Thanks for an excellent article on a game deserving of much commentary.
Playing S.T.A.L.K.E.R. caused me to develop an obsessive fascination with Chernobyl. I wonder if anyone else has experienced this?
After doing some web research, picking up a copy of Svetlana Alexiavich's Voices of Chernobyl and Igor Kostin's photo-book Chernobyl: Confessions of a Reporter, a frightening story develops. In ways it's more bizarre and fantastical than David Cronenberg's films or The X-Files at its most paranoid-- Only it's real. The Elephant's Foot; The Red Forest; The Liquidators shovelling radioactive graphite into wheelbarrows; Truckloads of irradiated dog and cat carcasses.
"For some people, then, the idea that a commercial videogame should be made with a real-world disaster at its core might seem disrespectful, even exploitative."

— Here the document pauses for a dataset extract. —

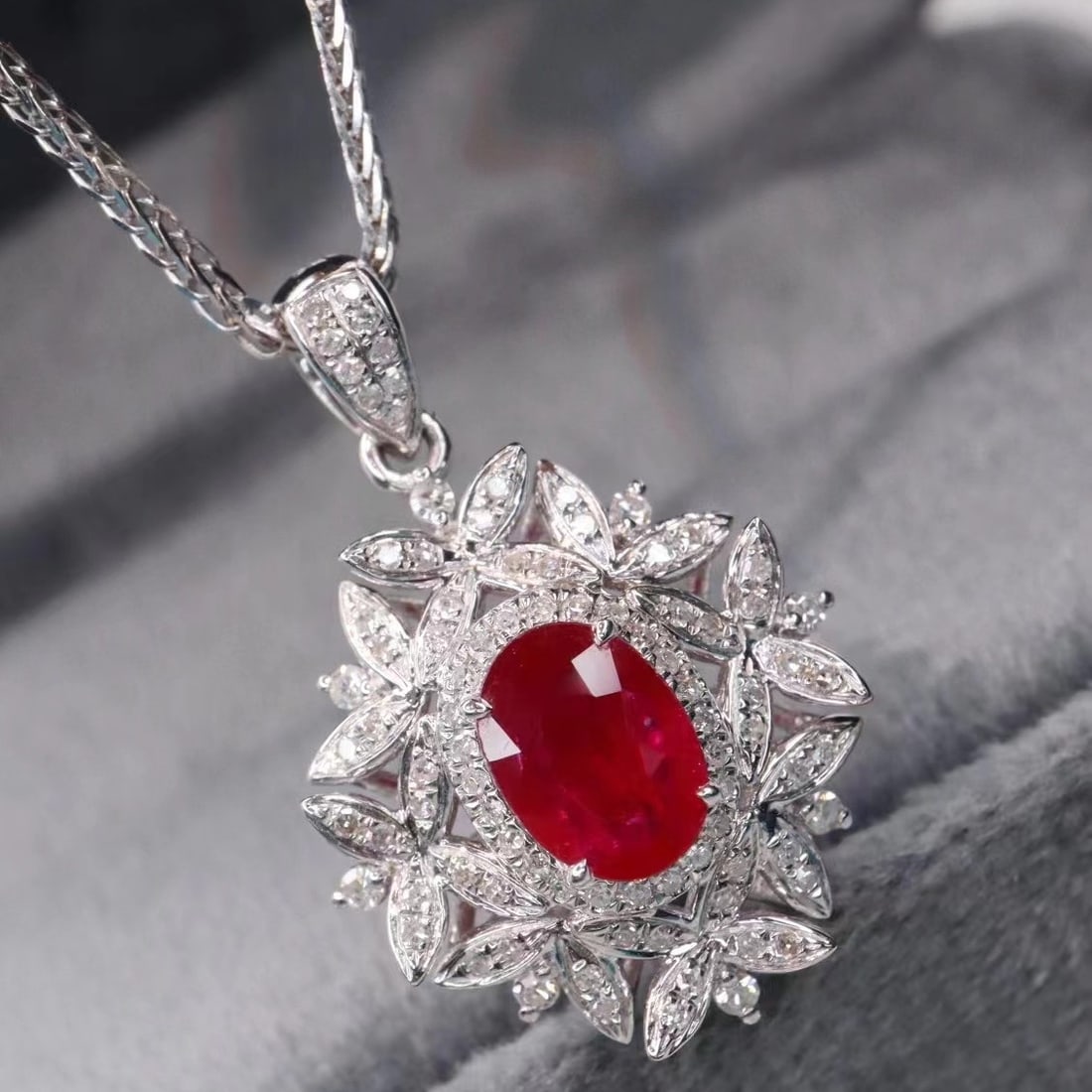 14k Gold 1.40 Ctw Natural Ruby & Diamond Pendant( Without Chain ): Ref:230969158 // gold content:14k gold // main gemstone:ruby // shape:oval // carat weight:1. 1ct // color:pigeonblood red // treatment:natural // // adjacent gemstone 2 : diamond // shape:round // ca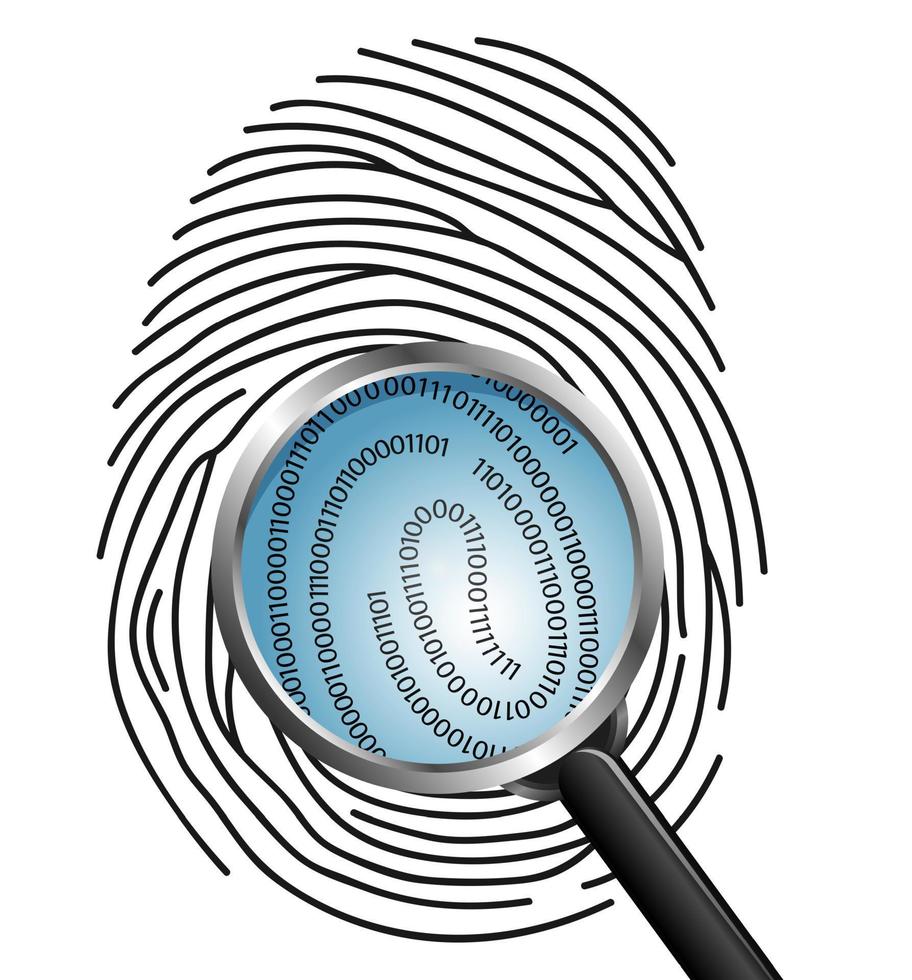 Magnifying glass over a finger print revealing binary code vector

I can't find any press reaction to this game from it's native land. Perception of it has got to be very different for a kid with thyroid problems playing it in Gomel, Minsk, or Kiev than for me playing it in healthy California. I'm interested in that.

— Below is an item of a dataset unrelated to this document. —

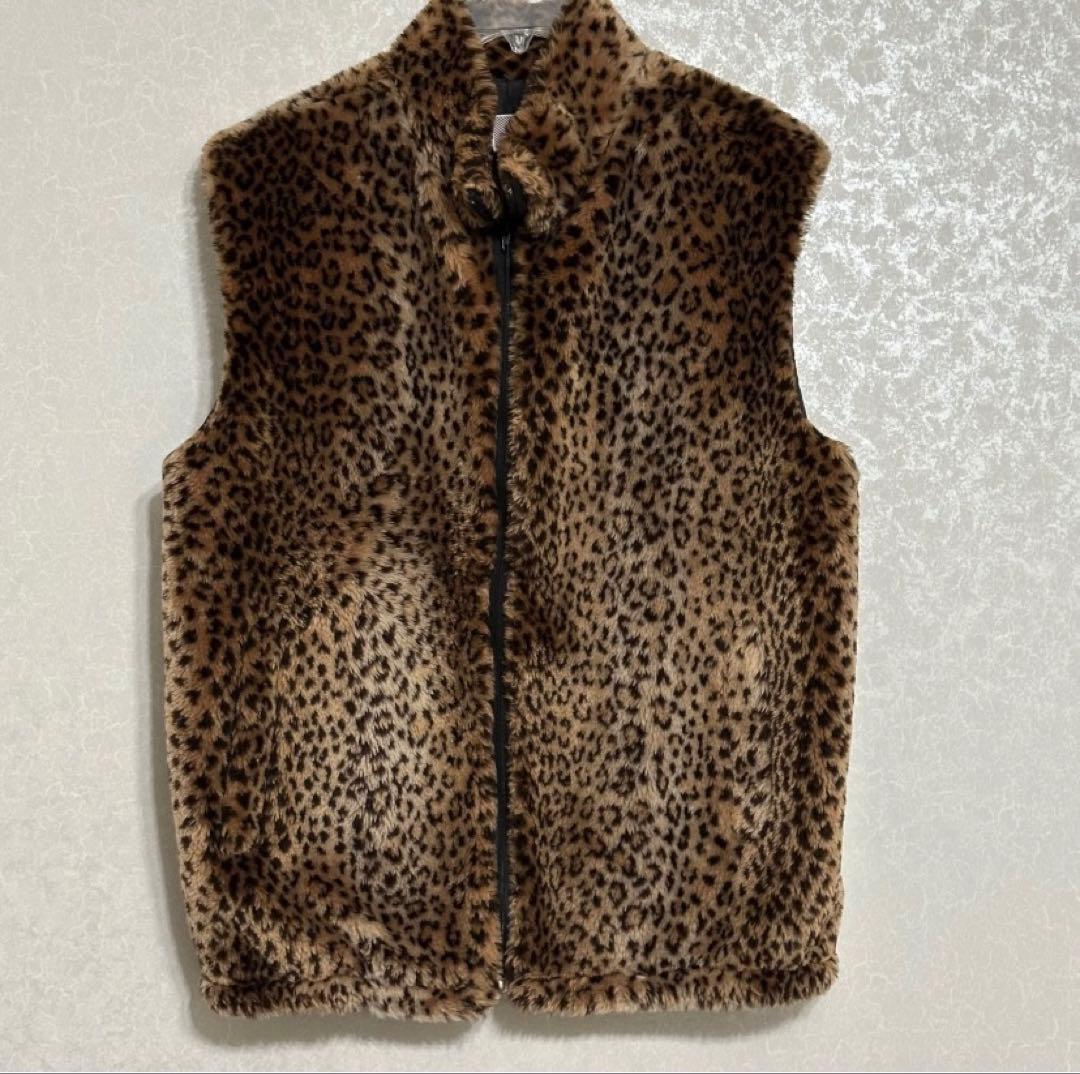 vintage leopard far vest 80s〜90s Vintage 90s Leather Leopard Print Vest,90s Safari Vest,vintage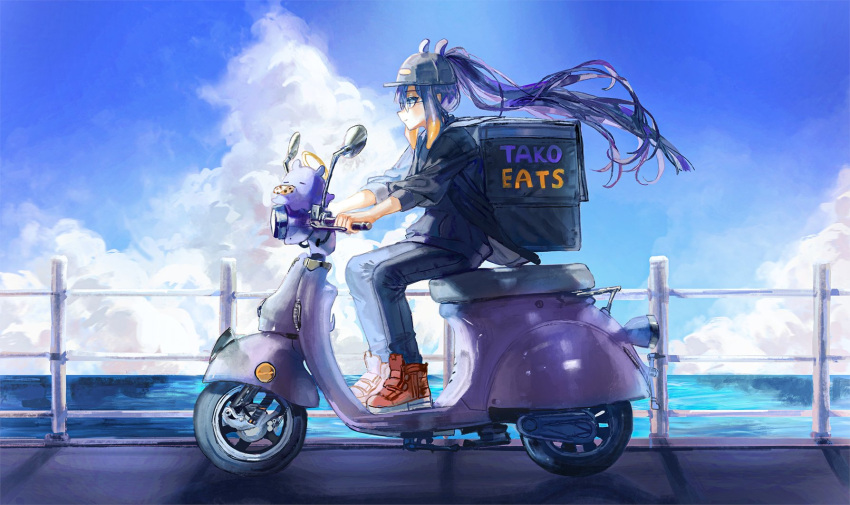 1girl boots clouds delivery fence ground_vehicle highres hololive hololive_english long_hair motor_vehicle multicolored_hair ninomae_ina'nis ocean pants pointy_ears purple_hair quasarcake scooter sitting solo sweater tako_(ninomae_ina'nis) tentacle_hair virtual_youtuber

The unlockable level late in the game where you get to run around the outside of the massive reactor 4 Sarcophagus, teleporting to different vantage points, has an atmosphere which seems anything but exploitative. It feels more like a poetic elegy, or an ode of some kind.

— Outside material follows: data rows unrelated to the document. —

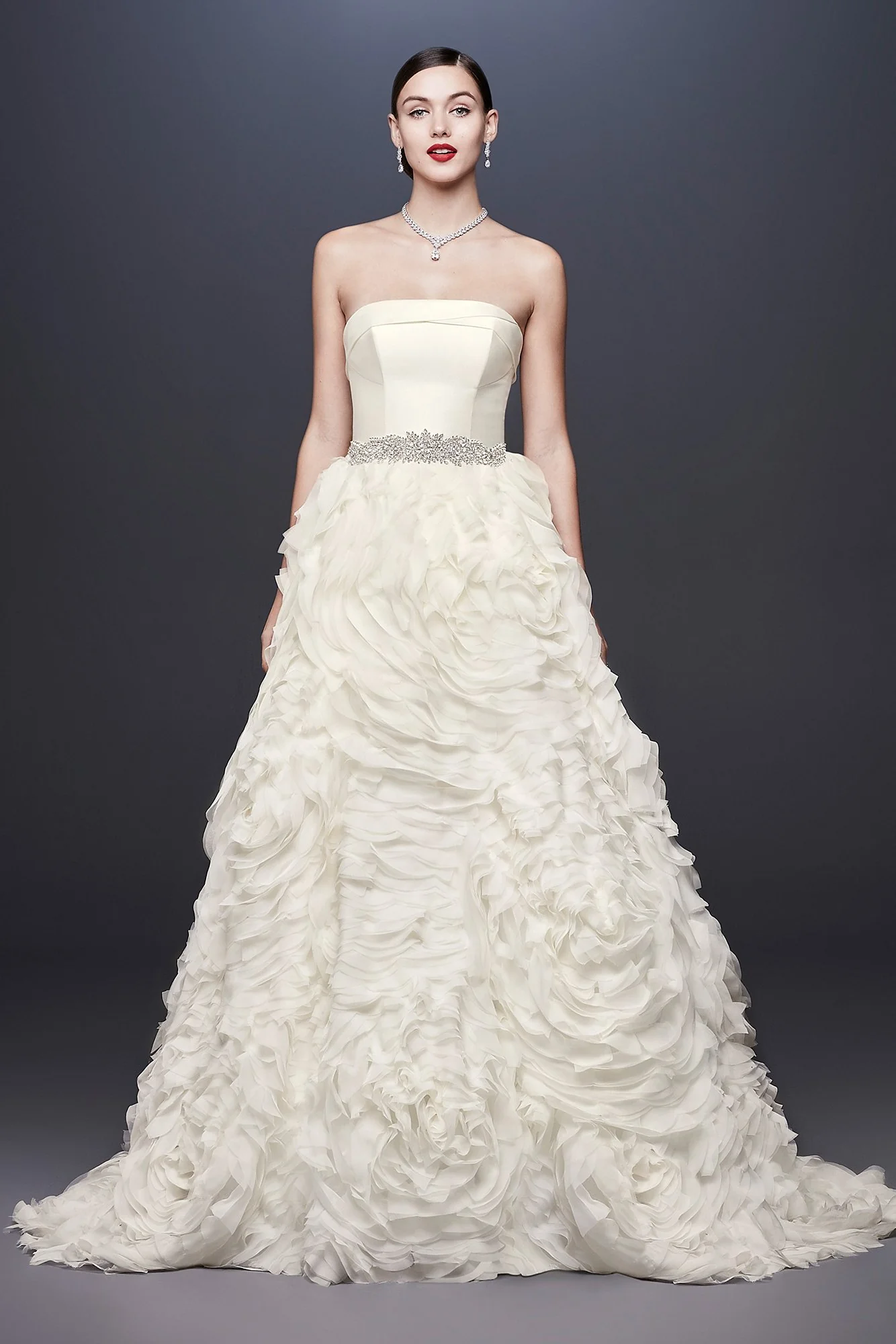 Chiffon Rosette Strapless Ball Gown Wedding Dress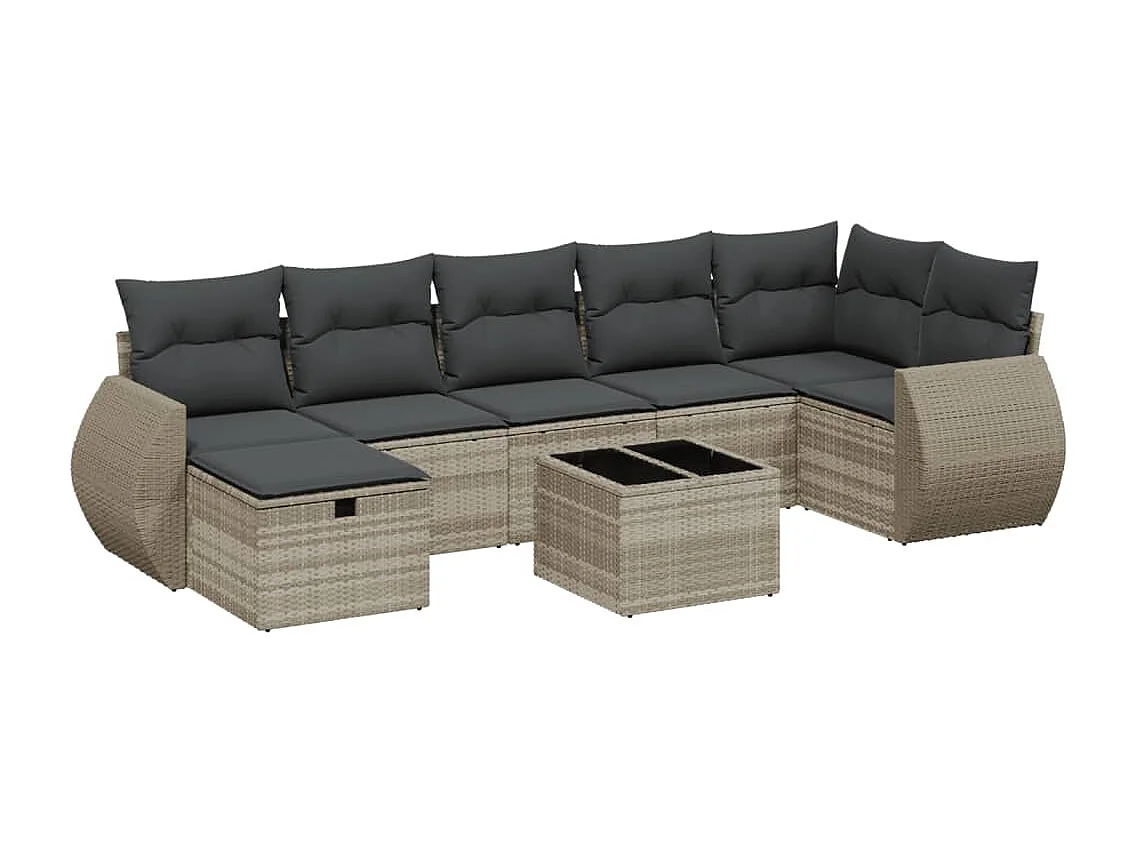 Set de sofás de jardín 8 piezas y cojines ratán sintético gris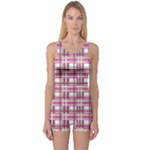 Pink plaid pattern One Piece Boyleg Swimsuit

Though I find your idea of the 'Zone' concept as a "local myth" specific to post-Soviet consciousness compelling, I don't know if I completely agree with it; I think the 'Odyssey into the Forbidden Zone' motif is more of an archetypal thing, though it may be that the Soviets make better art out of it.
I am also not entirely sure of S.T.A.L.K.E.R. as something which has shed the American paradigm. Sure it's setting and atmospherics indicate something specific and local. But the basic game mechanics-- running around, shooting mutants and guys in camouflage from a first person perspective-- are pure apple pie and hot dogs, despite the Tarkovskyian garnish.